▶ _Task item_
Reproduce exactly the lines of the material beneath, from the line that contains "Rumah Berkembar untuk" to the line that contains "[Garvey ]IDYLLE GOLD", both included, and no other lines.
──────────
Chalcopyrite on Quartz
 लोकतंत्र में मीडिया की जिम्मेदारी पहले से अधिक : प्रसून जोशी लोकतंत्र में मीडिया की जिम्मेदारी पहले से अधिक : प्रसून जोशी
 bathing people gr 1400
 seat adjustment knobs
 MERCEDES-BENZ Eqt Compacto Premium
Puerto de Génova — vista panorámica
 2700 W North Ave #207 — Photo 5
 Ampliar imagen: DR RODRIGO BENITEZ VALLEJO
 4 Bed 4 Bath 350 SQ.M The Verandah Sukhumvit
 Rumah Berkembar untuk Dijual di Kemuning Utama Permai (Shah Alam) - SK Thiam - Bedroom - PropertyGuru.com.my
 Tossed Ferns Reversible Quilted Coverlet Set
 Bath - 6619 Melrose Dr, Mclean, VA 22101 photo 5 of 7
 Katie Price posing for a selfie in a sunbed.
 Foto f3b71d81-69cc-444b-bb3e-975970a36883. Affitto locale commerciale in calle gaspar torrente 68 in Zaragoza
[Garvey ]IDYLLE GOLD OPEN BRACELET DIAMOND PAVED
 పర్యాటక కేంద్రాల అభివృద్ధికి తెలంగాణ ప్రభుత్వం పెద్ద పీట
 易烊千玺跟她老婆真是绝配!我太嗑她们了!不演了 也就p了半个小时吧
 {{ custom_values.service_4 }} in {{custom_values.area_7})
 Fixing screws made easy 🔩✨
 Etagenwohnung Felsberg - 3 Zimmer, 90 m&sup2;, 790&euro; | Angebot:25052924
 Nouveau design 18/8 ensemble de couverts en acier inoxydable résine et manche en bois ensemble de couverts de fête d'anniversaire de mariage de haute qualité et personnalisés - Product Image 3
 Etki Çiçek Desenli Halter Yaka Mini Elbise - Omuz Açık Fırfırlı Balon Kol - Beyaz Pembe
──────────
▶ _Answer to the problem_
 Rumah Berkembar untuk Dijual di Kemuning Utama Permai (Shah Alam) - SK Thiam - Bedroom - PropertyGuru.com.my
 Tossed Ferns Reversible Quilted Coverlet Set
 Bath - 6619 Melrose Dr, Mclean, VA 22101 photo 5 of 7
 Katie Price posing for a selfie in a sunbed.
 Foto f3b71d81-69cc-444b-bb3e-975970a36883. Affitto locale commerciale in calle gaspar torrente 68 in Zaragoza
[Garvey ]IDYLLE GOLD OPEN BRACELET DIAMOND PAVED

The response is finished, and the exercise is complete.